PoliticsPREMIUM

Rise Mzansi hopeful of resolution to scrap VAT hike

Party leader sends list of revenue proposals to finance minister

Scopa chair Songezo Zibi. Picture: GALLO IMAGES/LUBA LESOLLE
Scopa chair Songezo Zibi. Picture: GALLO IMAGES/LUBA LESOLLE

Rise Mzansi expects that the controversial proposal to raise VAT by 0.5 percentage points will be withdrawn as part of a political resolution to the budget impasse.

The expectations were outlined by Rise Mzansi leader Songezo Zibi in submissions to the finance minister, Enoch Godongwana on alternative revenue streams to the consumption tax. They include reining in public sector wastage, winding down spending on the SA mission in the Democratic Republic of Congo and implementing a tax on gambling.

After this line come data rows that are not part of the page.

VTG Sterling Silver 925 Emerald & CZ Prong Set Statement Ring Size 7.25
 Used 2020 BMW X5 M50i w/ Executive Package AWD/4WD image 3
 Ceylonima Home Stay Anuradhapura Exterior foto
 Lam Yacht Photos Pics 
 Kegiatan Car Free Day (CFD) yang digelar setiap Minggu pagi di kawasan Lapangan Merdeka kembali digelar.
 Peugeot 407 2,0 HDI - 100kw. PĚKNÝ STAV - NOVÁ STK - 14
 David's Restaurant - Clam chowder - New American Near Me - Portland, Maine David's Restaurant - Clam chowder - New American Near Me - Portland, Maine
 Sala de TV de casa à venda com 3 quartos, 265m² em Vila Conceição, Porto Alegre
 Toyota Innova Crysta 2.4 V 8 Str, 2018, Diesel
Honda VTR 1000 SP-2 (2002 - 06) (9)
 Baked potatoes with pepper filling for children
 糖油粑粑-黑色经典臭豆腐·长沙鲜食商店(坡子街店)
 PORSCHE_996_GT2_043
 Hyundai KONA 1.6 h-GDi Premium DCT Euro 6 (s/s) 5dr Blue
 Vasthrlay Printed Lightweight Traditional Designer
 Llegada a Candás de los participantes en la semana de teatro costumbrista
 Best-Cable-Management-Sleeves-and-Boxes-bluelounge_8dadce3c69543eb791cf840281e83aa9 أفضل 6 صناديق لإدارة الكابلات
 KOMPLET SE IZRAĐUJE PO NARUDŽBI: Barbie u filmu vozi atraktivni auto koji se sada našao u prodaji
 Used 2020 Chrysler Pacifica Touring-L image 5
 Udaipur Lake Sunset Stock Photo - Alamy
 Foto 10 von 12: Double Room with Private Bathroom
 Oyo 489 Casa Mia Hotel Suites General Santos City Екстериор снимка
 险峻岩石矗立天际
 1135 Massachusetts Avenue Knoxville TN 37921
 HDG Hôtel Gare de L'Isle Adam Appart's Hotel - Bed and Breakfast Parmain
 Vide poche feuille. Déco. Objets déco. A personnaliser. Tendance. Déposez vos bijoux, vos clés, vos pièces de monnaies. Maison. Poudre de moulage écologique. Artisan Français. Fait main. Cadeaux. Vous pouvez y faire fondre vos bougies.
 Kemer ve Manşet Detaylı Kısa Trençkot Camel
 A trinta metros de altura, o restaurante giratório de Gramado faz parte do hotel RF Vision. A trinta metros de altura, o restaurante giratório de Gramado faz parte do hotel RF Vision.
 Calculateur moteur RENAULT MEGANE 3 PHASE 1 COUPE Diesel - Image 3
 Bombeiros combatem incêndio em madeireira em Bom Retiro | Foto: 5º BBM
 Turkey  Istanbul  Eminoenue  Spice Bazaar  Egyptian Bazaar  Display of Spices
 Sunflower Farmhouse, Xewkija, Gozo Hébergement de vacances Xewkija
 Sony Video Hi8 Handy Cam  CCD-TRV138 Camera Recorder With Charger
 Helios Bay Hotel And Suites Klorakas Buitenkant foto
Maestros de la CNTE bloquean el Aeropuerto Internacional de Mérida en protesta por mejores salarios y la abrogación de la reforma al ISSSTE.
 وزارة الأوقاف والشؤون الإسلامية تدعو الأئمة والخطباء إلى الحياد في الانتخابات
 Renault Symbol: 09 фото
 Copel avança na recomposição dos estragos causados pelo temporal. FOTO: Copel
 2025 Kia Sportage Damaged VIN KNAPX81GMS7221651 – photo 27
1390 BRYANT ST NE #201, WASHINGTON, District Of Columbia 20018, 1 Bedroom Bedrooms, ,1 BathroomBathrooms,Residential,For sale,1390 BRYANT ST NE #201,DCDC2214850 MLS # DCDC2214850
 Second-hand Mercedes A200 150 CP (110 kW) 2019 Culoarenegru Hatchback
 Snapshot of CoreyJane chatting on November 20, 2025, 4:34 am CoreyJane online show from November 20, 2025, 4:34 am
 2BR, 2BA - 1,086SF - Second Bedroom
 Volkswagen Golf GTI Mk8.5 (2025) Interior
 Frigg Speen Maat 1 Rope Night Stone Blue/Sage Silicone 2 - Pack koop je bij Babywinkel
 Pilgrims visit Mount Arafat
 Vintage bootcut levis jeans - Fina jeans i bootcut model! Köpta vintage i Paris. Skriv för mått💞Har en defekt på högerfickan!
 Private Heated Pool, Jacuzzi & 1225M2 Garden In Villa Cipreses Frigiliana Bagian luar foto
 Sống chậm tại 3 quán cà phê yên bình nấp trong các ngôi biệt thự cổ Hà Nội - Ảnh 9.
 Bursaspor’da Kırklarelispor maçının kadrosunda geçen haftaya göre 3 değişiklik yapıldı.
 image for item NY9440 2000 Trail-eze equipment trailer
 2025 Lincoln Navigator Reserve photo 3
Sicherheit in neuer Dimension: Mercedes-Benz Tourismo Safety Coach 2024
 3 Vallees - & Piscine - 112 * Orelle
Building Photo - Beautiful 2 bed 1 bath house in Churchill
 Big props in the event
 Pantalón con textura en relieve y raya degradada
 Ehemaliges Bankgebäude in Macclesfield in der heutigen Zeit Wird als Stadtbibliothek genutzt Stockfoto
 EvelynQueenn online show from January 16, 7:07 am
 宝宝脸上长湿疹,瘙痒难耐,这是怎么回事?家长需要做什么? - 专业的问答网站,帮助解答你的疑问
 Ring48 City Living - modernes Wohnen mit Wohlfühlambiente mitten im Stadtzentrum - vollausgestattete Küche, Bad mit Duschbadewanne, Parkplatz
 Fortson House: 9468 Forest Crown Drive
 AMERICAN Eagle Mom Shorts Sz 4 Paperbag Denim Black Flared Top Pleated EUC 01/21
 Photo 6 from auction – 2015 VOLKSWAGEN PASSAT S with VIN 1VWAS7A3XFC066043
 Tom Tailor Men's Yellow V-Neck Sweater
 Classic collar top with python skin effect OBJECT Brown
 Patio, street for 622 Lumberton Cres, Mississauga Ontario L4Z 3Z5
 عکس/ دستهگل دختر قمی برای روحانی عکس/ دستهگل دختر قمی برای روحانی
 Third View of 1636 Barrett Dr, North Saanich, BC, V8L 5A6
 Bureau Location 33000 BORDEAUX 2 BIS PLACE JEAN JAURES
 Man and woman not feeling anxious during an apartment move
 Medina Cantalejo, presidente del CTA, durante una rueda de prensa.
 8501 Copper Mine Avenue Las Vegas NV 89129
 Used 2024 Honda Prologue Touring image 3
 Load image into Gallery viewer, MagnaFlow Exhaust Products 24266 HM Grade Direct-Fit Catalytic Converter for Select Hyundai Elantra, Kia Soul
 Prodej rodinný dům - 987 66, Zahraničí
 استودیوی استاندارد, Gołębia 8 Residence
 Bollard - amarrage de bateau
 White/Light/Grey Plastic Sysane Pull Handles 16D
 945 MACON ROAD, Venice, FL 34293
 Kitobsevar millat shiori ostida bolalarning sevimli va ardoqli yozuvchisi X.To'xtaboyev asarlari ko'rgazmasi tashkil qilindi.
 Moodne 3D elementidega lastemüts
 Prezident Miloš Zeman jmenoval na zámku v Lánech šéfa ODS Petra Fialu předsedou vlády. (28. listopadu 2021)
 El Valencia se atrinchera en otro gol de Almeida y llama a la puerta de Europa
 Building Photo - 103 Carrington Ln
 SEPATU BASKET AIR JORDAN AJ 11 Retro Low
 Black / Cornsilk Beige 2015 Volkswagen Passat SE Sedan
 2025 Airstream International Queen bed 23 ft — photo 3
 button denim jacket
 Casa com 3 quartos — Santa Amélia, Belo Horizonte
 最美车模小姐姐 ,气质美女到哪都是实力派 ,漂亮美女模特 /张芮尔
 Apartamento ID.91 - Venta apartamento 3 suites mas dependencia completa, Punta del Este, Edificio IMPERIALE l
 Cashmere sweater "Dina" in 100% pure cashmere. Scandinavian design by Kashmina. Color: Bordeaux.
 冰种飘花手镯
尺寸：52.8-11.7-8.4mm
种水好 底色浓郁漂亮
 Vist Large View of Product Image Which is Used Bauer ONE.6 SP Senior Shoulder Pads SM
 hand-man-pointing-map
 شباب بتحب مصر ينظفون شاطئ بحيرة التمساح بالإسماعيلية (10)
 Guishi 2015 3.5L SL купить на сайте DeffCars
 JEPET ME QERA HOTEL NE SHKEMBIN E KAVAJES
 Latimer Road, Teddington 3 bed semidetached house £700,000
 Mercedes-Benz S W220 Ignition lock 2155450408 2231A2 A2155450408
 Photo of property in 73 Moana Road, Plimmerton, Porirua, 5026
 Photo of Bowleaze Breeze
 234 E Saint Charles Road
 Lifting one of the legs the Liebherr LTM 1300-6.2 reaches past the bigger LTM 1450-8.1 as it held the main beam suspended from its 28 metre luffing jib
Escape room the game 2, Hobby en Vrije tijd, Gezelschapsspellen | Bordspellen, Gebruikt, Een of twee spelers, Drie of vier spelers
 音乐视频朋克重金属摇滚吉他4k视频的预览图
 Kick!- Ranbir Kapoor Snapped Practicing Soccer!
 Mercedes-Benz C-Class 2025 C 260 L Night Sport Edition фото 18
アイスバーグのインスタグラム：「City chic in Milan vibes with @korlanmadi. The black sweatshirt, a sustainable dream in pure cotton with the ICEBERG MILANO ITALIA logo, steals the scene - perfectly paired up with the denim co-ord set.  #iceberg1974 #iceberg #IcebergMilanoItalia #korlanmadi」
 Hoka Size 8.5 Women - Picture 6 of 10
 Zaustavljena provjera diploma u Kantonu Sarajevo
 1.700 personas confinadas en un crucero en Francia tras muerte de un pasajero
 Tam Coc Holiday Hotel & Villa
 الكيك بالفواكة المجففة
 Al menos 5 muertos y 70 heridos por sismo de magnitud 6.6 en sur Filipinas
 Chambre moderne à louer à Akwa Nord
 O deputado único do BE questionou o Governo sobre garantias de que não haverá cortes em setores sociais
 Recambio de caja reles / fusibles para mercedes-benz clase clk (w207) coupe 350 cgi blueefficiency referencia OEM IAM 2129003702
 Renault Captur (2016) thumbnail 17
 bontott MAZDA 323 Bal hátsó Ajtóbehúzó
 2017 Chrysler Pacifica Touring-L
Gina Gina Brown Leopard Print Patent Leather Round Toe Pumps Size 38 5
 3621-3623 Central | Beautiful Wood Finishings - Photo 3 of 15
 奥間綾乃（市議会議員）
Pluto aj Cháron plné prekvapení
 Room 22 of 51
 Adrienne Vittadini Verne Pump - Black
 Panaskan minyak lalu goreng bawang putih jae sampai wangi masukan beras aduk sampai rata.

Rise Mzansi, which has two seats in the National Assembly, is a part of the government of national unity (GNU) and voted to support the fiscal framework of the budget, which contains the VAT hike. Parliament can suspend the VAT increase if it passes a new Rates and Monetary Amounts Amendment Bill, but that’s unlikely because MPs are on a two-week constituency period and parliamentary process will not be completed by May 1. The suspension of the hike is unlikely to be implemented, considering the legislative requirements.

Zibi, who is also the chair of the standing committee on public accounts — the parliamentary body that oversees the financial statements of all government departments and state institutions — is seeking a revision of the fiscal framework, which contains revenue projections and sets the overall limits for government spending.

The proposed revision would reflect the additional tax collected by the SA Revenue Service, which received R7.5bn over the next three years to support its continued modernisation.

Deliberations on the VAT increase are continuing among the 10-member GNU and other parties represented in parliament ahead of the implementation of the hike on May 1. Business Day understands that parties within the coalition and those in opposition continued to oppose the hike at meetings led by the ANC over the weekend.

“The events that have unfolded since February when you [Godongwana] were initially supposed to table the budget before the National Assembly have tested the credibility of our politics and caused actual financial damage,” Zibi said in the submissions dated April 15.

“The damage is in respect of stock valuations on the JSE and (arguably) the yield on government bonds at a time when we should be trying to pay less, not more interest on sovereign debt.

“Assuming a resolution to the impasse will result in the effective withdrawal of the VAT revenue proposal, it will simultaneously affect measures you have proposed to mitigate the impact of VAT (an expanded basket of zero-rated goods). This will restore R2bn to the bottom line, which means the total additional revenue needed amounts to just under R30bn.” 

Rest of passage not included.